Kailashtila well drilling deferred by 3 months

The scheduled oil well drilling at Kailashtila has been deferred by at least three months as the Sylhet Gas Fields Ltd (SGFL) has failed to complete the necessary paperwork, said SGFL officials.

At the time of Prime Minister Sheikh Hasina inaugurating the project on September 17, drilling was scheduled to begin in December. This has now been pushed back by at least three months.

“We failed to start drilling as the contract signing with Bangladesh Petroleum Exploration and Production Company Ltd (Bapex) was delayed as the paperwork was not done. We hope to start the drilling in March and end in June. Hopefully, we can go for production in August,” Md Tofazzal Hossain, managing director (MD) of SGFL, a Petrobangla subsidiary, told the Dhaka Tribune.

Bapex - Bangladesh’s sole oil and gas exploration firm - will undertake the drilling at Kailashtilla.

Meanwhile, a Malaysian consultancy firm, Oriax, has been appointed to assist Bapex, as it did not have experience in oil production. The estimated cost of the project is around Tk220 crore.

“We have already signed a contract with SGFL for drilling of Kailashtilla well,” the managing director of Bapex, MA Baki, told the Dhaka Tribune.

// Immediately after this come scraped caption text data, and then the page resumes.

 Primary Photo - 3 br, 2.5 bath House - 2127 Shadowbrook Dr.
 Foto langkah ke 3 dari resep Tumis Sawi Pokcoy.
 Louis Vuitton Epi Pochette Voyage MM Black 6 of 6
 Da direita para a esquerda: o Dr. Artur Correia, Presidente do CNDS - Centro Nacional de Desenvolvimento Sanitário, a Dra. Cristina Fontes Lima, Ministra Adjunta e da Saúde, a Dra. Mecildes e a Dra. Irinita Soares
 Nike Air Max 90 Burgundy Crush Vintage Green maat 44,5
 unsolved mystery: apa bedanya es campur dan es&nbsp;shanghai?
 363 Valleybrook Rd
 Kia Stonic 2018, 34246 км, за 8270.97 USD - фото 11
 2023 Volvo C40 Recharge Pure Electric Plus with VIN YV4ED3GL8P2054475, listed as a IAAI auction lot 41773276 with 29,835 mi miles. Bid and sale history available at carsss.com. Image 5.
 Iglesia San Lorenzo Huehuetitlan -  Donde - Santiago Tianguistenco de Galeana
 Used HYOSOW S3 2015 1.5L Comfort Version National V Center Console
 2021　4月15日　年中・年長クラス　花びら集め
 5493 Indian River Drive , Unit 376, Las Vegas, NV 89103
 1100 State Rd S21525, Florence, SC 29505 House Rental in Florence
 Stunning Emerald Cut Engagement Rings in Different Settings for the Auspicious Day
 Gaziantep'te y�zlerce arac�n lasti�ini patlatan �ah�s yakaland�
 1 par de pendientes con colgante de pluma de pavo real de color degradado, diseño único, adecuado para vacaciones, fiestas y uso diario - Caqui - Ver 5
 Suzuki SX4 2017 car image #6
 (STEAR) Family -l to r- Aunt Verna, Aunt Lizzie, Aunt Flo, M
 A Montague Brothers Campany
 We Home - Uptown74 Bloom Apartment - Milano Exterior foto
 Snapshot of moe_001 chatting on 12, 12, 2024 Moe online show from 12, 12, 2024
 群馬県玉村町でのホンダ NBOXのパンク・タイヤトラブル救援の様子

In May 2012, more than two decades after the discovery of the first two oil fields in Bangladesh, Bapex, a Petrobangla subsidiary, found oil reserves of nearly 137m barrels in Sylhet’s Kailashtilla and Haripur after conducting 3D seismic surveys at the sites.

The surveys estimated 109m barrels of oil reserve at 4,000m depth in Kailashtilla and 28m barrels at 2,600m in Haripur. But, according to Petrobangla, only 55m barrels or 7.50m tonnes can be recovered.

The Kailashtilla and Haripur gas fields are currently under the supervision of SGFL.

In 1986, Petrobangla’s exploration division discovered the Haripur oil fields. It was leased to a foreign company, Scimitar, which managed to extract approximately 68,873 tonnes of oil from 1987 to 1994.

Kailashtilla, one of the oldest gas fields, was discovered in 1962 produces around 80m cubic feet of gas every day from six wells.